### Dataset excerpts
--- START ---

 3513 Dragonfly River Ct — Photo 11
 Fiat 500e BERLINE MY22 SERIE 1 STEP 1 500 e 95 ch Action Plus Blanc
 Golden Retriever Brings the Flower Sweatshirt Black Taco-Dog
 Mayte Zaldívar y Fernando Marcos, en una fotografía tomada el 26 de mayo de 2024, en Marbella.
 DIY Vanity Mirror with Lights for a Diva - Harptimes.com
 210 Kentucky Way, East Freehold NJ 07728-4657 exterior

--- END ---

### Requirement
Copy the data. Make sure every line matches exactly.

### Task solution
 3513 Dragonfly River Ct — Photo 11
 Fiat 500e BERLINE MY22 SERIE 1 STEP 1 500 e 95 ch Action Plus Blanc
 Golden Retriever Brings the Flower Sweatshirt Black Taco-Dog
 Mayte Zaldívar y Fernando Marcos, en una fotografía tomada el 26 de mayo de 2024, en Marbella.
 DIY Vanity Mirror with Lights for a Diva - Harptimes.com
 210 Kentucky Way, East Freehold NJ 07728-4657 exterior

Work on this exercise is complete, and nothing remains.